Here are the remaining takeaways from the event, the final part of a three blog series:
Telcos historically like to take a ‘one size fits all’ approach to network management but this doesn’t work with NFV Service Assurance. For instance, alarming is a problem because faults tend to trigger alarms at both hardware and software levels making resolution time consuming and unclear. Accurate root cause analysis in a dynamic network topology is not straightforward. Self-healing algorithms are badly needed. So are tight integrations with the orchestrator and accurate service impact analysis between layers.
Integration of NFV and legacy OSS monitoring is another problem area, especially in multi-service, multi-vendor environments. Everything should become far more policy-driven, but that means hard-to-manage service changes in mid-lifecycle. Here, the problem isn’t the lack of standards but the fact that existing standards need to be harmonized and converged together. The Holy Grail is moving towards being to react to faults as they happen.
Policy is a major challenge for Closed Loop Service Assurance. Lack of standards and lack of ways to impose policy rules across domain barriers mean any ‘master orchestrator’ can’t effect closed loop actions without inter-domain standardisation. Until that changes, policy will remain an attractive concept but not an ‘implementable’ one.

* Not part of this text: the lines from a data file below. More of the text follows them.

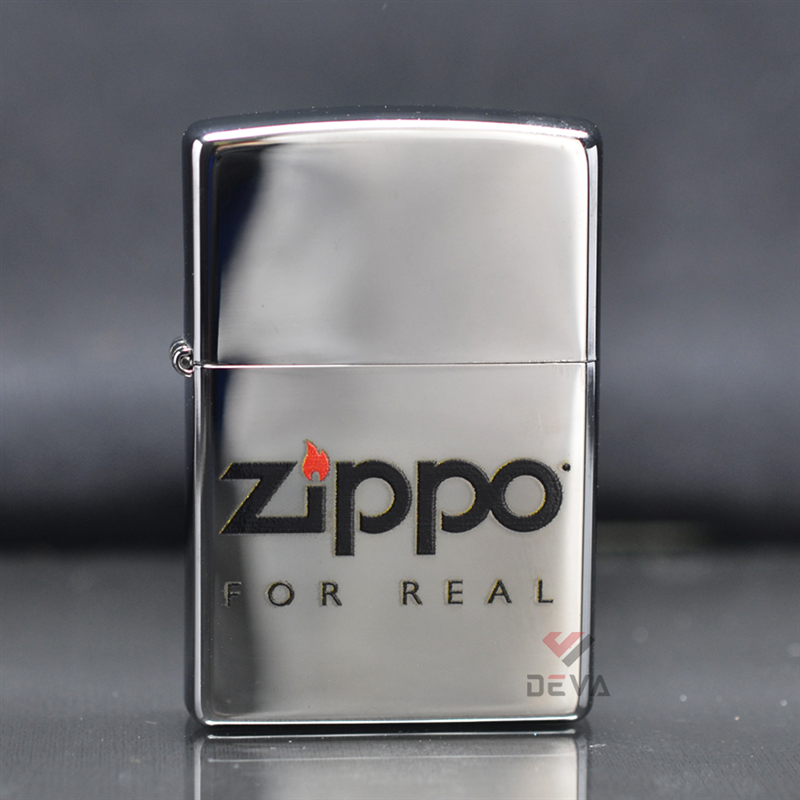 Zippo mạ Chrome in chữ Zippo For Real Z382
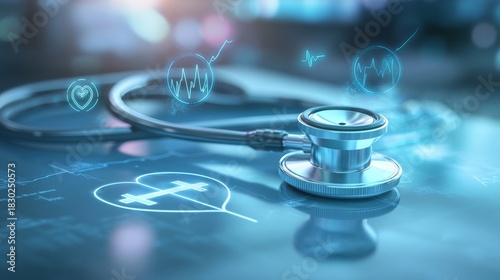 78.A stethoscope laid gently on a smooth surface with a soft glow in the background, surrounded by symbolic healthcare icons like a cross and heart, with plenty of room for a message about Nurses Day.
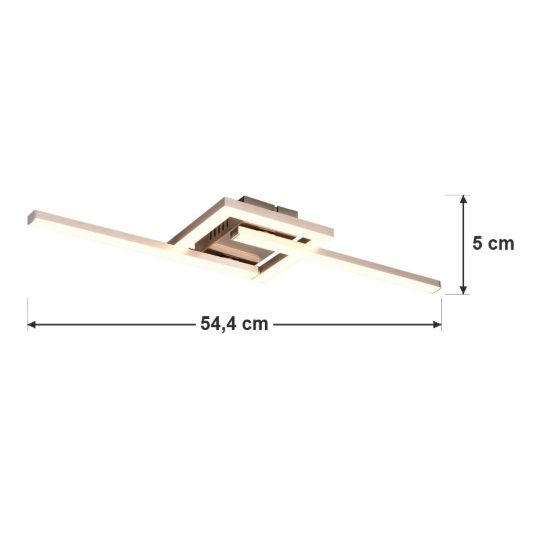 Plafoniera led 17w 3000k per corridoio moderna a elementi orientabili nichel opaco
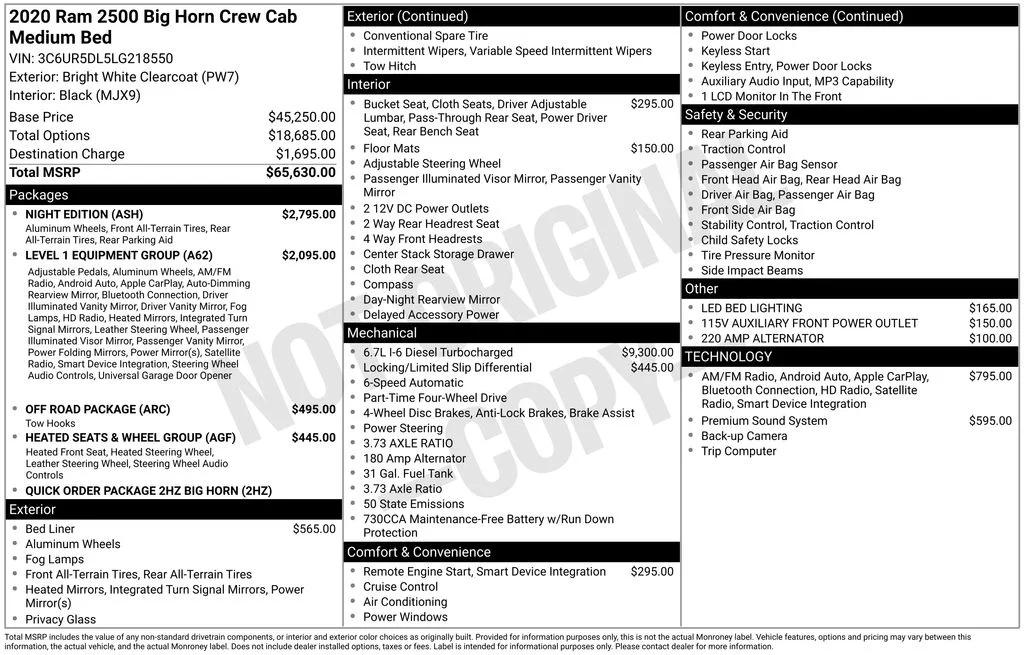 ram ram 2500 pickup 2020 3C6UR5DL5LG218550 image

There’s a lot of talk, but (arguably) there’s paucity of NFV Use Cases of, if not that, a lack of clarity about which or what sort of Use Cases might have the most immediate impact. (Author’s note: I was struck that bottom-line financial impact wasn’t once mentioned in the discussion.) That said, ‘predictive’ Use Cases like Churn Management seem to be among the most popular. There’s a lot of talk about Use Cases driven by AI and Machine Learning (ML). Right now, it’s just that. A lot of talk.
Automation is where the telco community wants to see AI/ML in action. For fairly or semi-static environments this is good, but “event based” environments like a mobile networks (soccer games, youtube releases, “house of cards”, “accidents”), where predicting will be hard means ML will have a harder time due to a lack of data. Eventually it will catch up (as more data is collected).
An interesting point that gained common agreement: In Machine Learning Use Cases, Proofs of Concepts are useless. You have to put the case into the real network to find out if it works. Another obvious thing; There is really very little common agreement about AI or ML in telco, what they are, how they work, what they might be used for.
There were a lot of “bottom-up” vs “top-down” discussions; general agreement that both are needed. One speaker mentioned that ML is used for Frequency Hopping (bottom-up) while to change base station or RAT could be a top-down decision based on policies etc. It’s always a balance between business driven and tech driven interests. The general feeling is that most operators see ML more as enablement for monetization of the OTT services, which may be a more mature way compared to trying to catch the train by bundling or self-built initiatives.
Lastly, a couple of definitions of digitzation and what is a DSP? With regard to the former, it’s “changing your business to become more digital (no kidding.) It’s a modernization of business processes to enable telcos to compete with OTT players.” Telcos like to blame legacy OSS and BSS as barriers to achieving this but according to at least some speakers, the problem is their mindset, not their infrastructures. The fear of large transformation projects continues to predominate and slow the pace of the digital shift.